The standard method for which to provide the model information on the order, or position, of input tokens relative to one another is to use positional encodings. More specifically, we associate with each position, $1, 2, \dots, M$, a vector that encodes that position of dimension $D_{\text{in}}$. Then, that positional encoding vector is added to the given input token vector at that position. That is, the input vector at position $i$, denoted $\boldsymbol{x}_i$, is modified via

\[\boldsymbol{x}_i' := \boldsymbol{x}_i + \boldsymbol{p}_i\]

where $\boldsymbol{p}_i$ is the positional encoding vector for position $i$. The end result is that each modified input token vector contains both information regarding the token as well as the position of that token.

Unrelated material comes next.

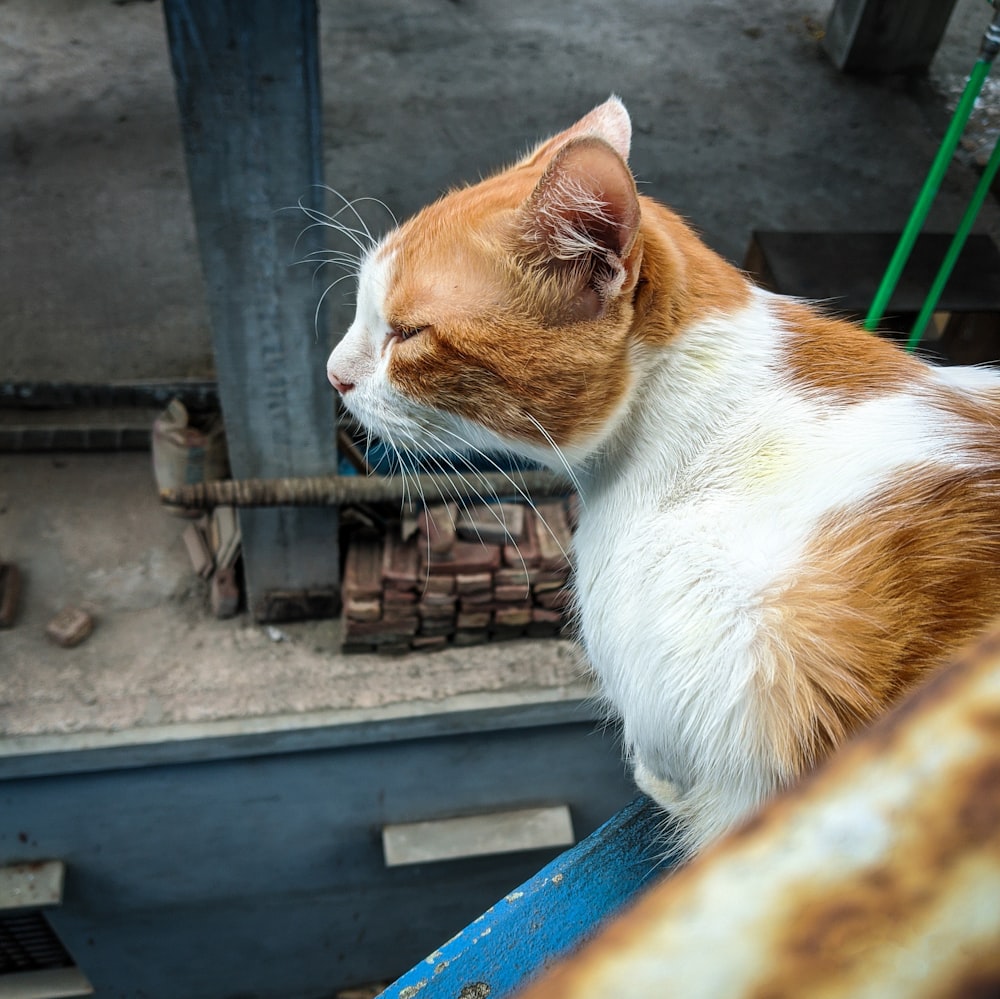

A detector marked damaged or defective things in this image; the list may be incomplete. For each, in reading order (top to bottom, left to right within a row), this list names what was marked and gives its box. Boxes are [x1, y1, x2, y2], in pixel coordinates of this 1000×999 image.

rusty metal surface [520, 624, 1000, 992]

These positional encodings can either be learned during training (i.e., each position integer is mapped to a learned encoding vector), or more commonly, can be fixed a priori. For example, Vaswani et al. (2017), use positional encodings built from sine and cosine functions of different frequencies for each dimension. A heatmap of such positional encodings are showing below where the rows are positions and the columns are dimensions of the input token vectors:

Multiheaded attention

In order to expand the learning capacity of a model, one can also parallelize attention in each layer using an extension of attention called multiheaded attention. In multiheaded attention, one performs the attention operation multiple times using multiple sets of queries, keys, and values. That is, at a given layer, the nerual network learns multiple $W_Q$, $W_K$, and $W_V$ vectors and performs attention multiple times. Each attention mechanism is called a “head” and the full layer is called “multi-headed attention”. The final output vectors from multiheaded attention are formed by concatenating the outputs of the indivudal heads as shown below:

If the multiheaded attention layer is followed by a fully connected layer, these concatenated vectors would be each fed into the downstream multilayer perceptron.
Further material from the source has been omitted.